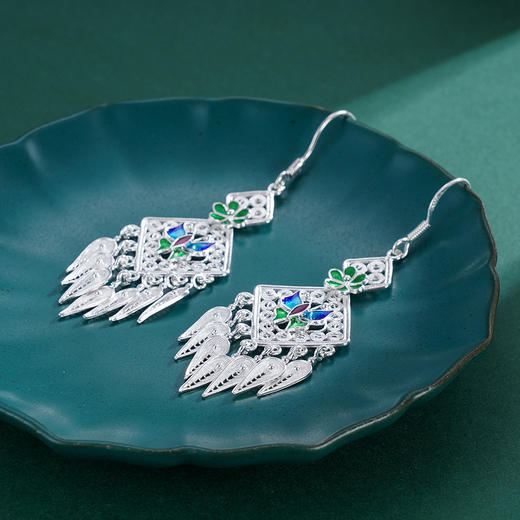 子佩集S990银【微雨蝶影】耳环【MXEH009】花丝2308 商品图3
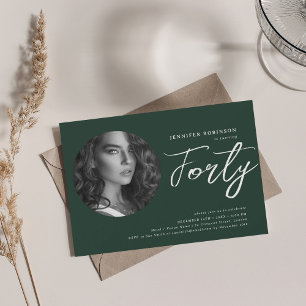 Minimalist Script Photo 40th Birthday Emerald  Invitation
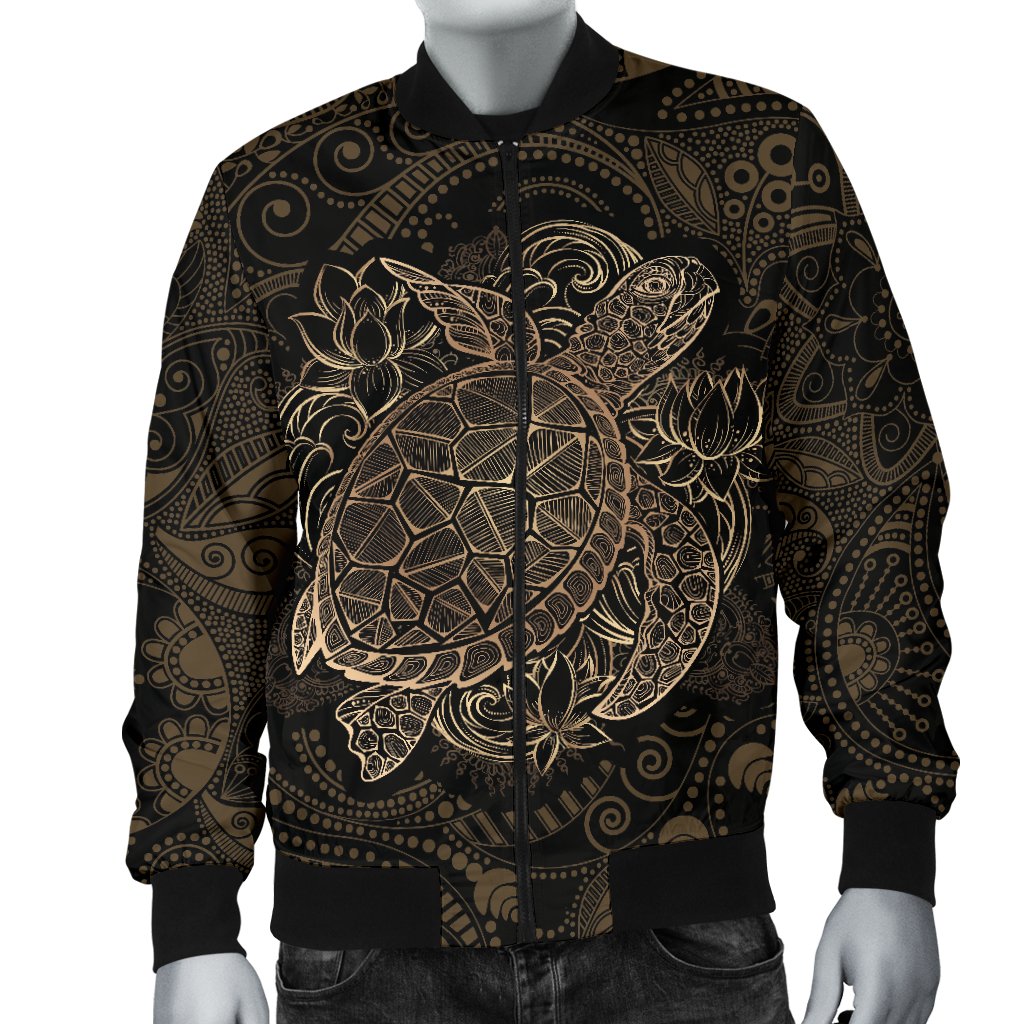 Polynesian Sea Turtle Hawaiian Mandala Men Casual Bomber Jacket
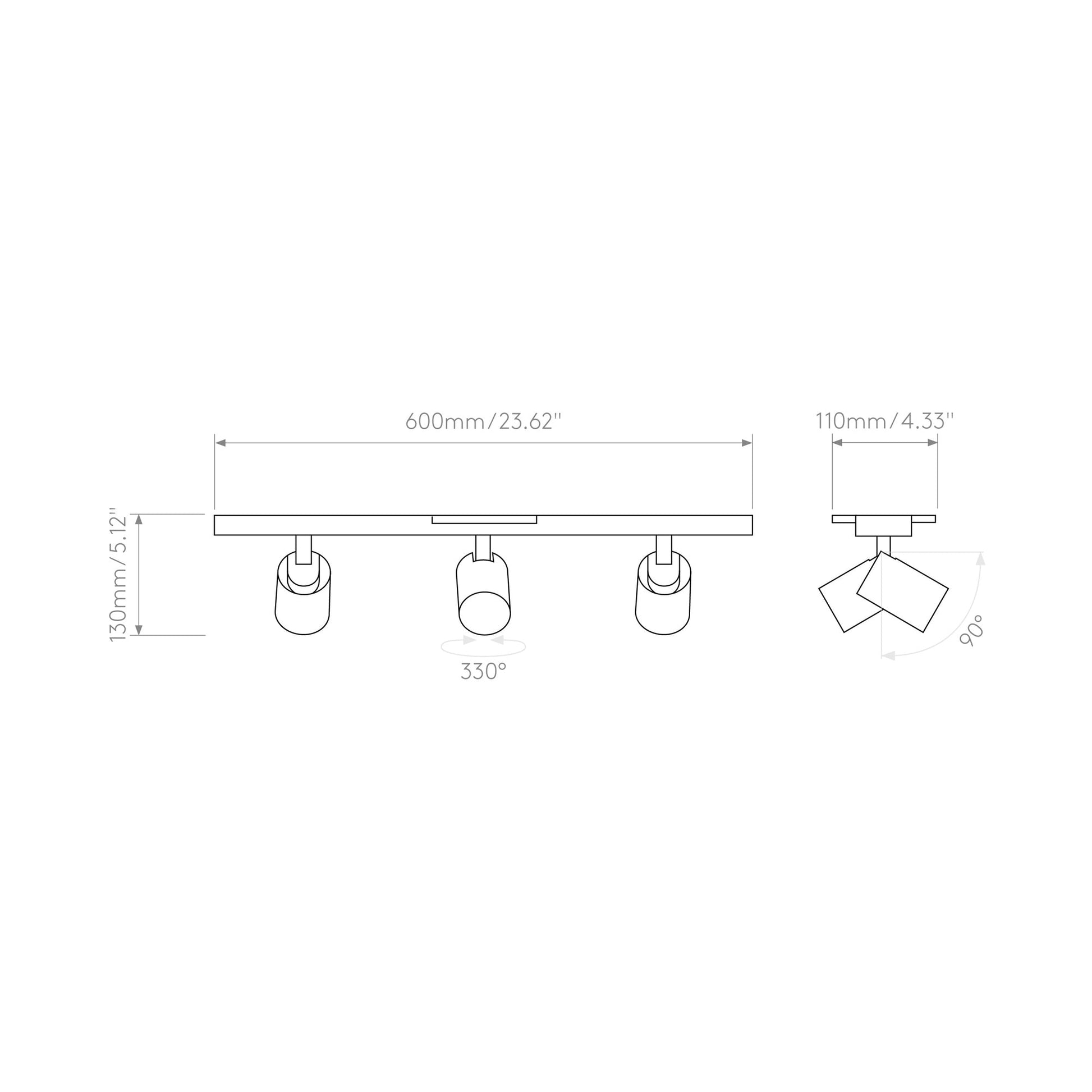 Ascoli Track Light - line drawing.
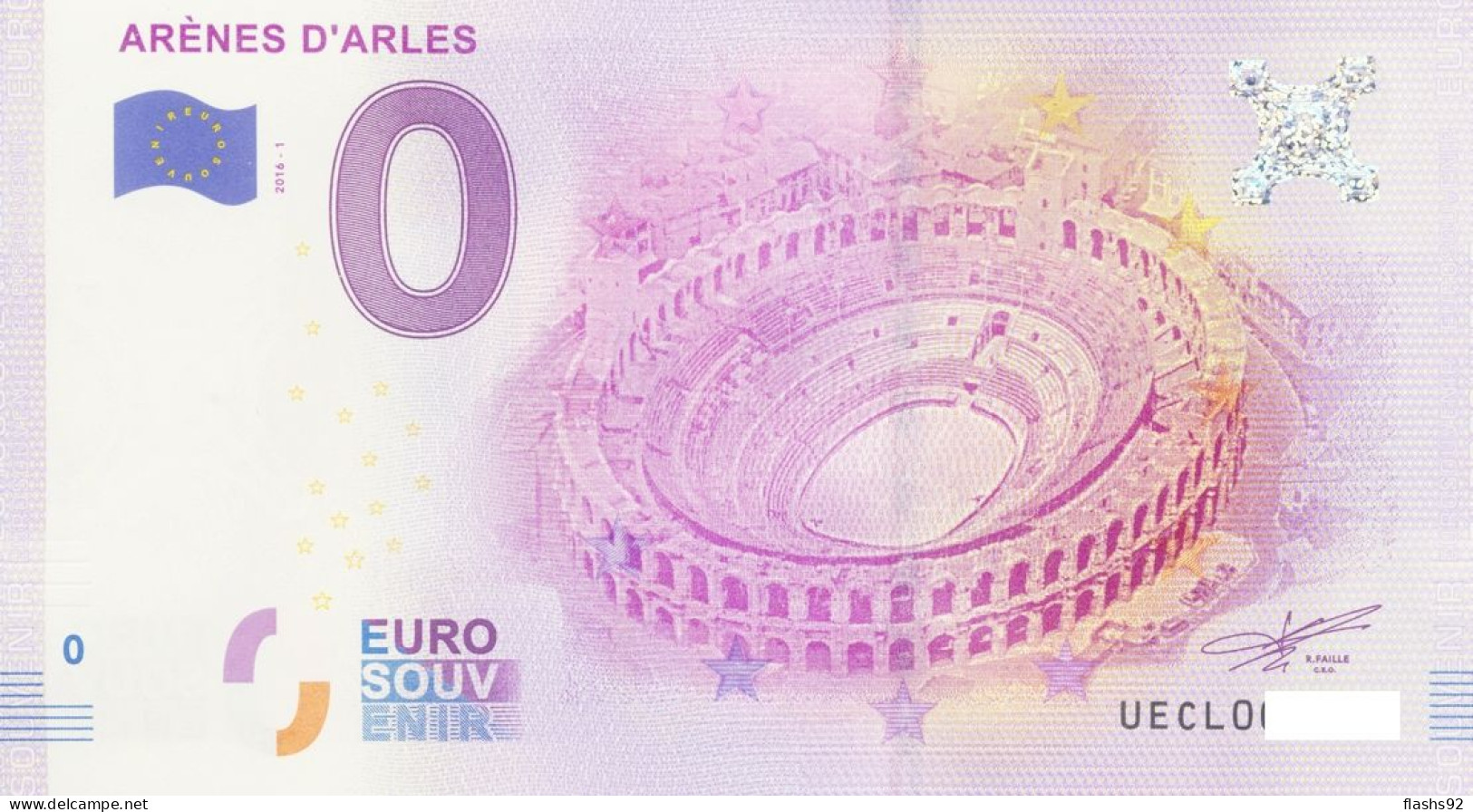 Vends Billet Souvenir Touristique 0€ Arènes D'Arles  2016-1 UECL - Andere & Zonder Classificatie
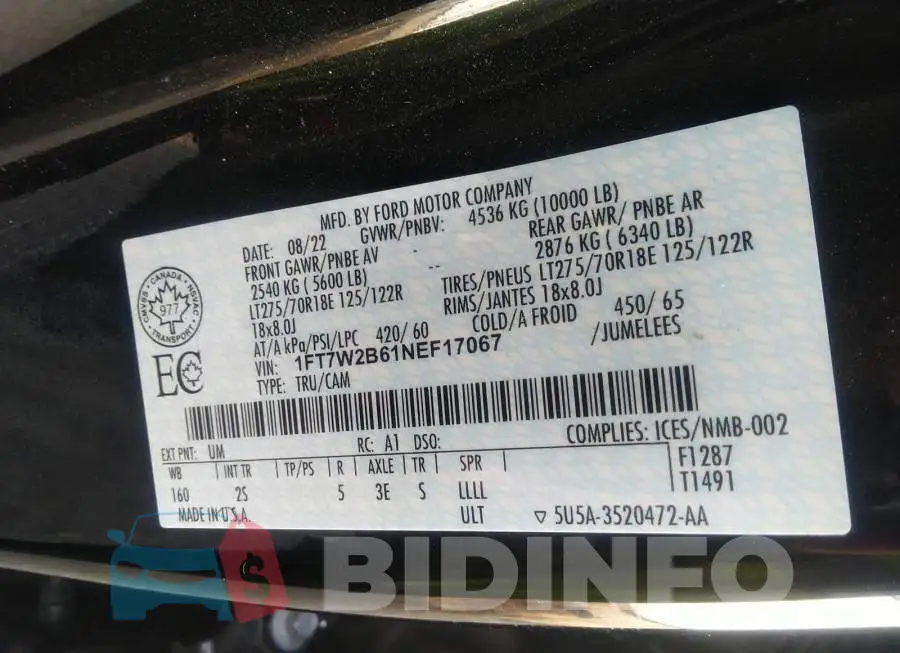 1FT7W2B61NEF17067 Photo# 9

#####

**What you have to do**
What is needed here is an exact repetition of the listing above, pictures excluded.

**Written answer**
 子佩集S990银【微雨蝶影】耳环【MXEH009】花丝2308 商品图3
 Minimalist Script Photo 40th Birthday Emerald  Invitation
 Polynesian Sea Turtle Hawaiian Mandala Men Casual Bomber Jacket
 Ascoli Track Light - line drawing.
 Vends Billet Souvenir Touristique 0€ Arènes D'Arles  2016-1 UECL - Andere & Zonder Classificatie
 1FT7W2B61NEF17067 Photo# 9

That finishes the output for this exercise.